Problem statement => Look below for the line with "Chatgpt Video Course-Master" and the line with "2021 Mercedes-Benz GLS GLS 450"; repeat exactly those two lines and all lines between them, but no pictures.

Task input =>

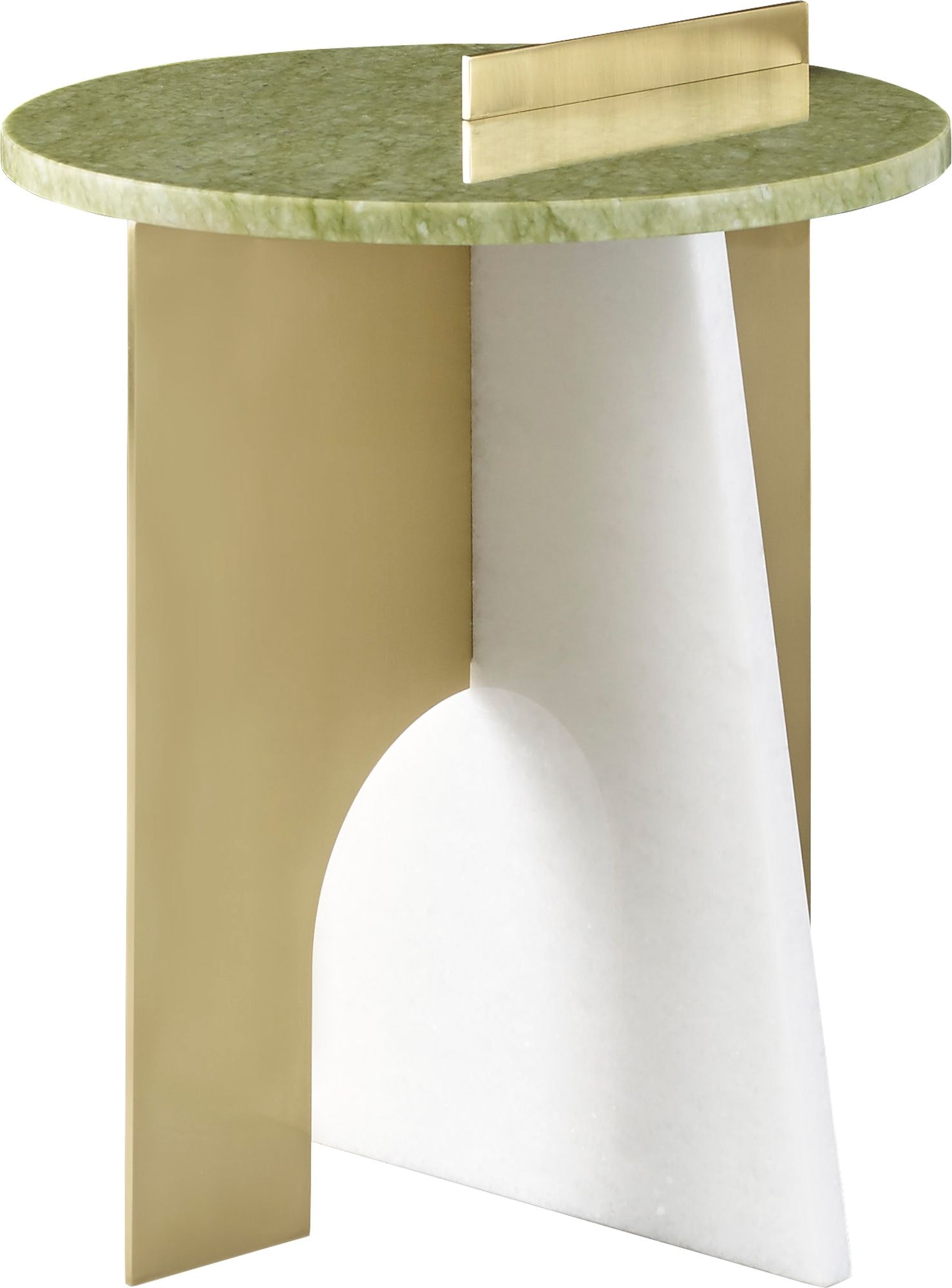Baker Reloj Drink Table BA9282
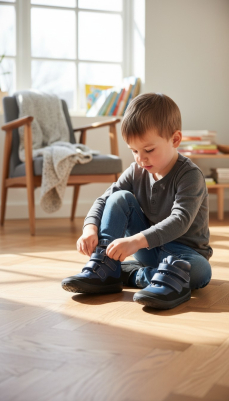 Jonap Barefoot Bella modrá Jonap Barefoot Bella modrá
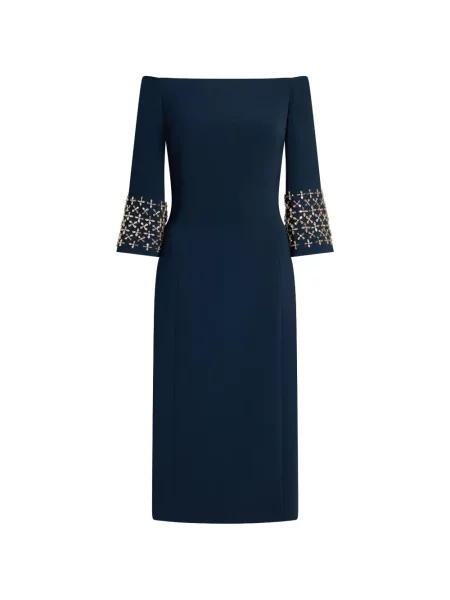 Rochie Jenny Packham albastru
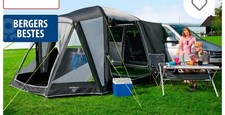 Berger Liberta Air aufblasbares Vorzelt für Campingbus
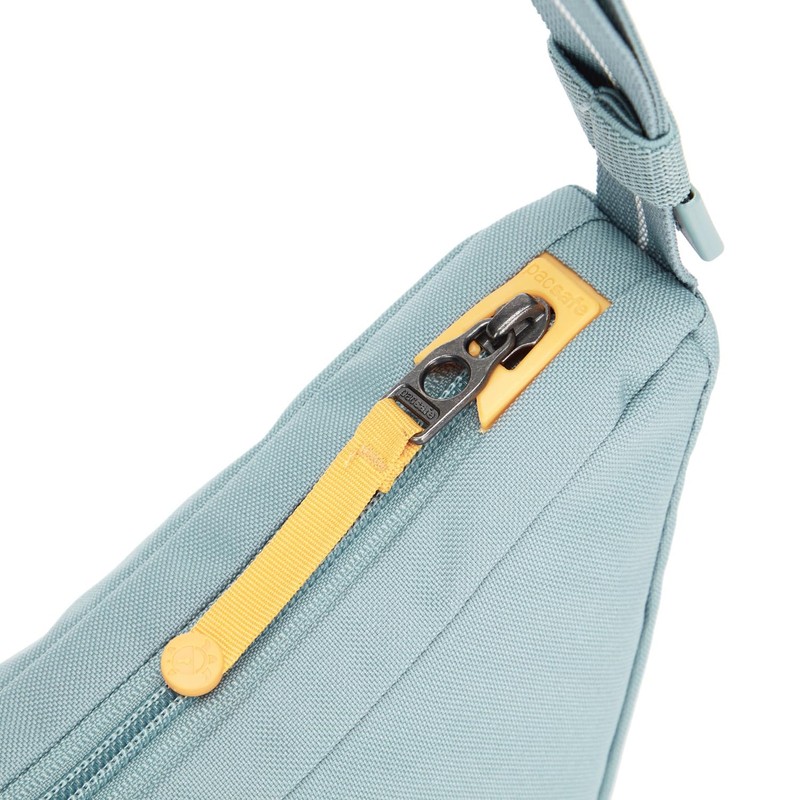 Pacsafe Go Lunar Crossbody Bag Fresh Mint, Fresh Mint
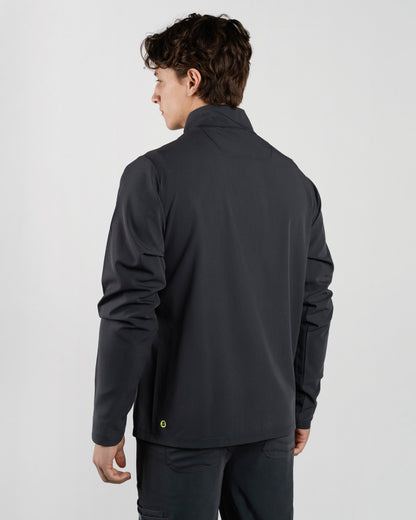MID JACKET HOMBRE GRIS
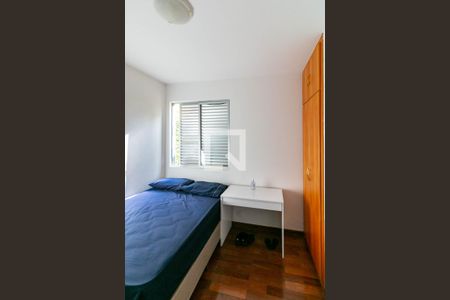 Quarto de apartamento à venda com 3 quartos, 112m² em São Pedro, Belo Horizonte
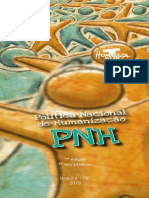 PNH - Política Nacional e Humanização - Folheto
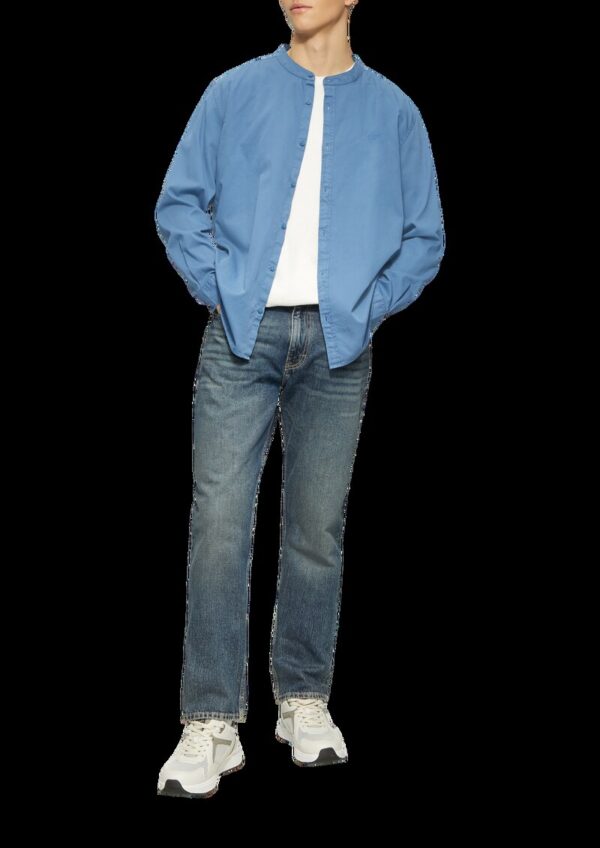 Jeans Pete / Regular Fit / Mid Rise / Straight Leg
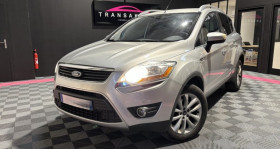 Ford Kuga , garage TRANSAKAUTO VALENCE � Beaumont Les Valence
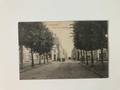 Izegem - Iseghem - Place de la Station Animé Editor Van Moortel 1909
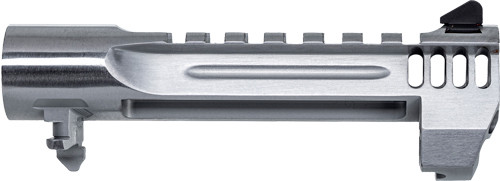 Desert Eagle EAGLE 50AE L5 5" Barrel Carbon STEEL Brushed Chrome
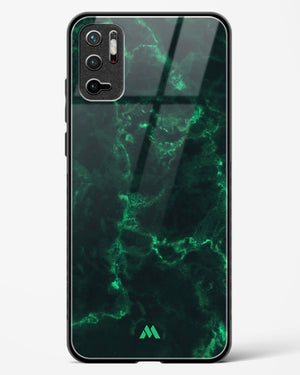 Healing Energy on Marble Glass Case Phone Cover-(Xiaomi)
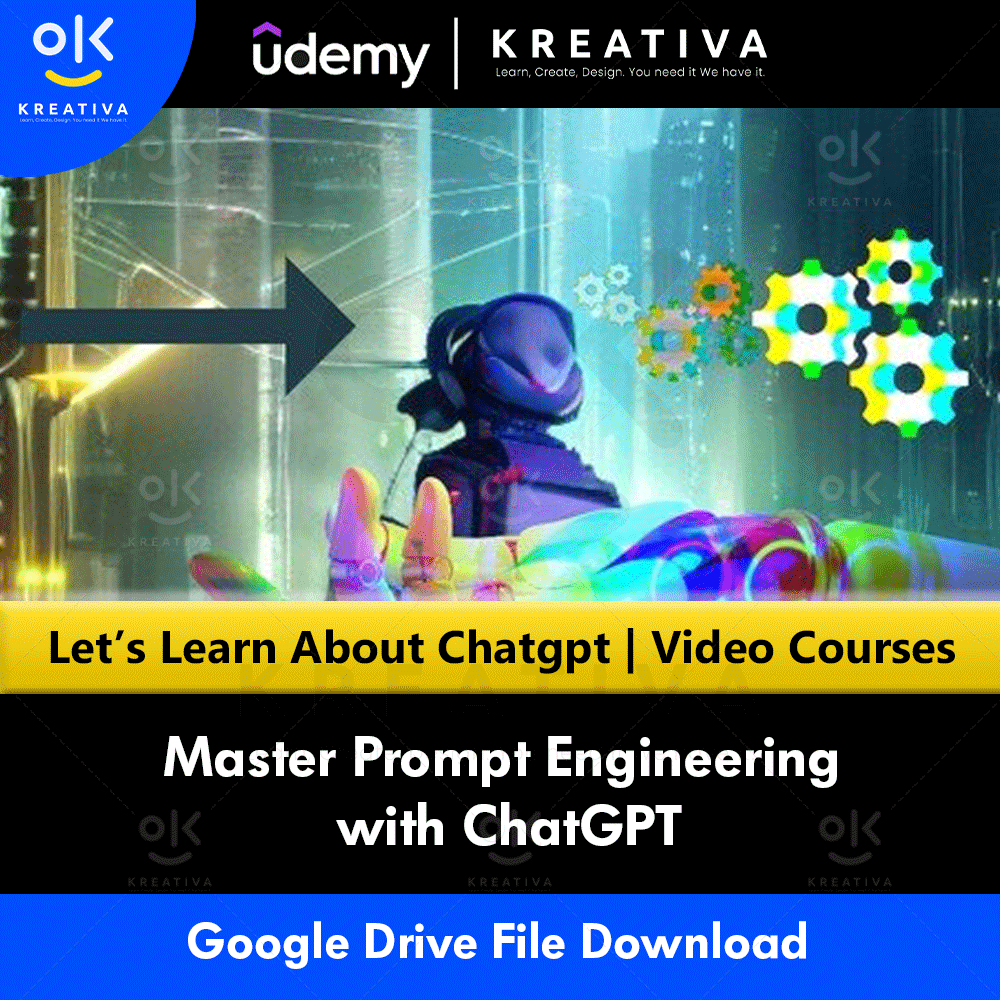 Chatgpt Video Course-Master Prompt Engineering with ChatGPT | Learn ...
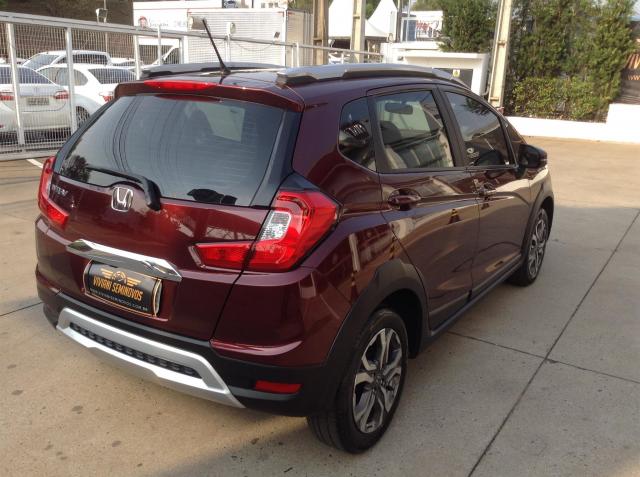 HONDA WR-V 2017/2018 1.5 16V FLEXONE EX CVT - Foto 7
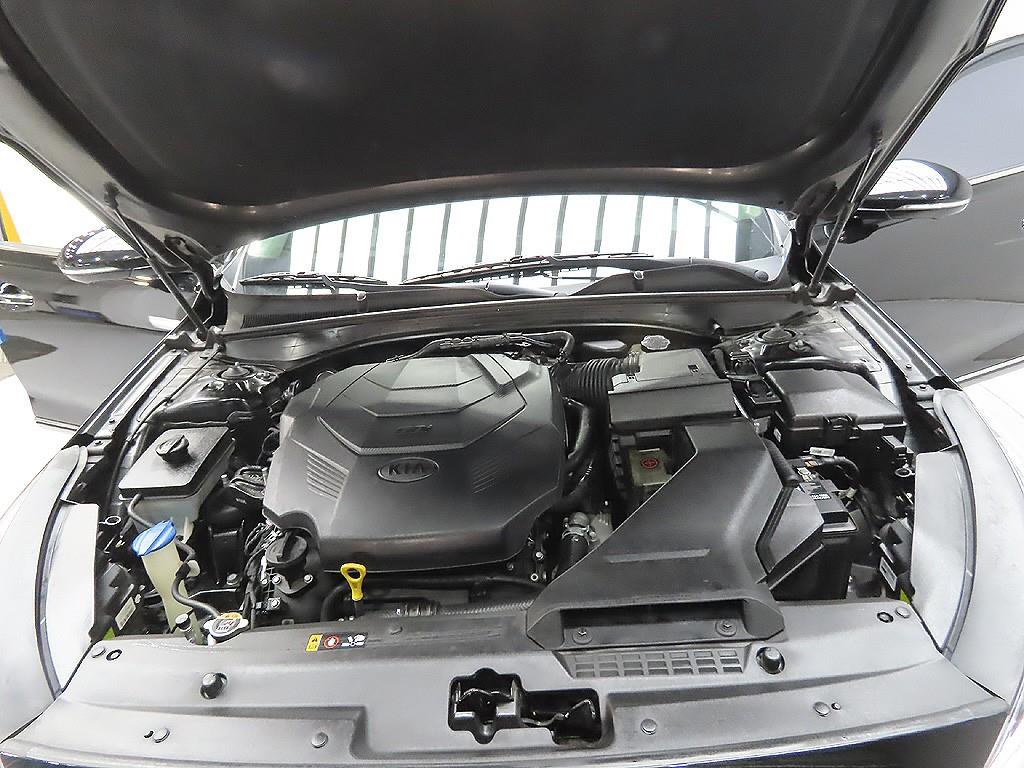 KIA K7 2016 Negro - Importación desde Corea - HF Imports Iquique - Foto 8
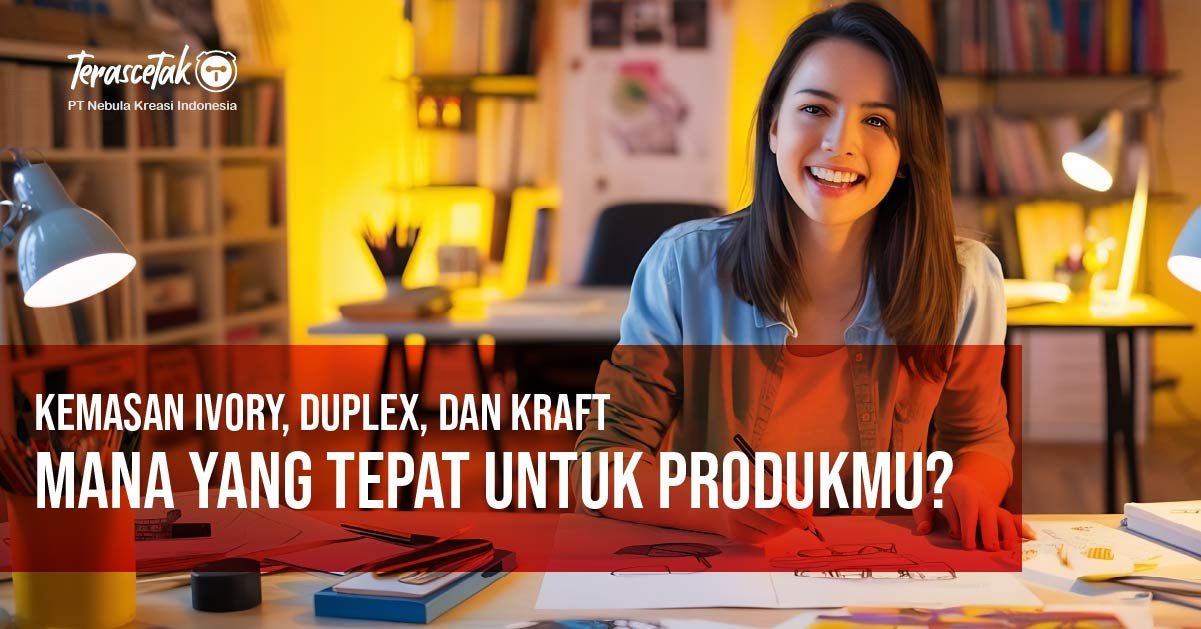 Perbedaan Bahan Box Kemasan Mana yang Cocok ?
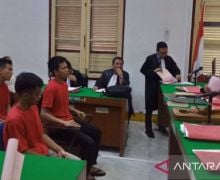 Anggota Geng Motor di Medan Dituntut 12 Tahun Penjara Gegara Melakukan Pembunuhan - JPNN.com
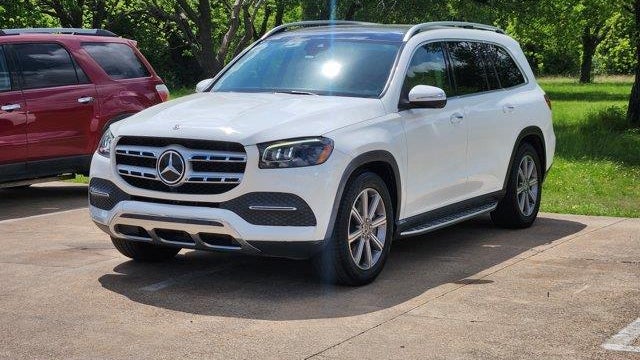 2021 Mercedes-Benz GLS GLS 450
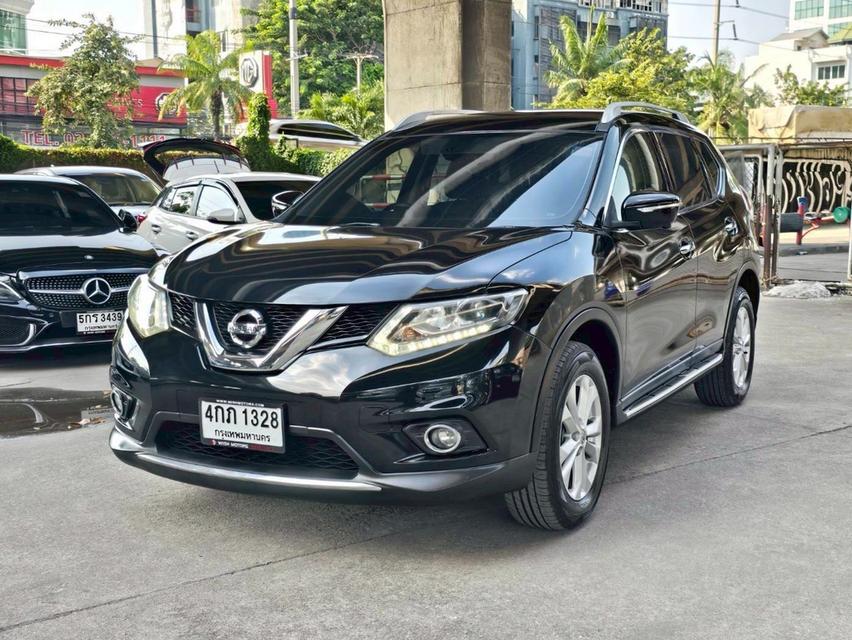 รหัสรถ WMT1328 Nissan X-TRAIL 2.0V 4WD ปี 2015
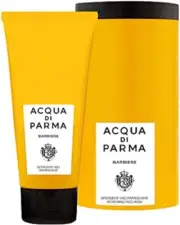 Acqua Di Parma Barber Refreshing Face Wash 100 Ml, White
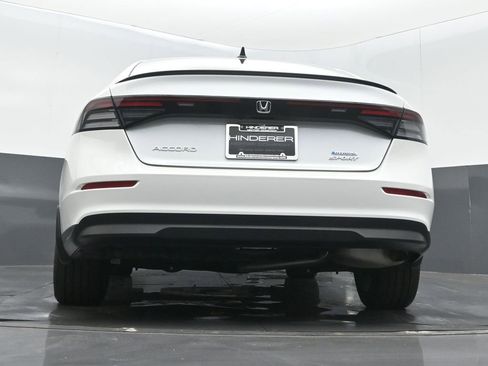 Certified 2024 Honda Accord Sport image 20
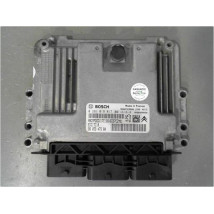 CALCULATEUR MOTEUR CITROEN BERLINGO II PH2 MULTISPACE 12-15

Answer section =>
 Chatgpt Video Course-Master Prompt Engineering with ChatGPT | Learn ...
 HONDA WR-V 2017/2018 1.5 16V FLEXONE EX CVT - Foto 7
 KIA K7 2016 Negro - Importación desde Corea - HF Imports Iquique - Foto 8
 Perbedaan Bahan Box Kemasan Mana yang Cocok ?
 Anggota Geng Motor di Medan Dituntut 12 Tahun Penjara Gegara Melakukan Pembunuhan - JPNN.com
 2021 Mercedes-Benz GLS GLS 450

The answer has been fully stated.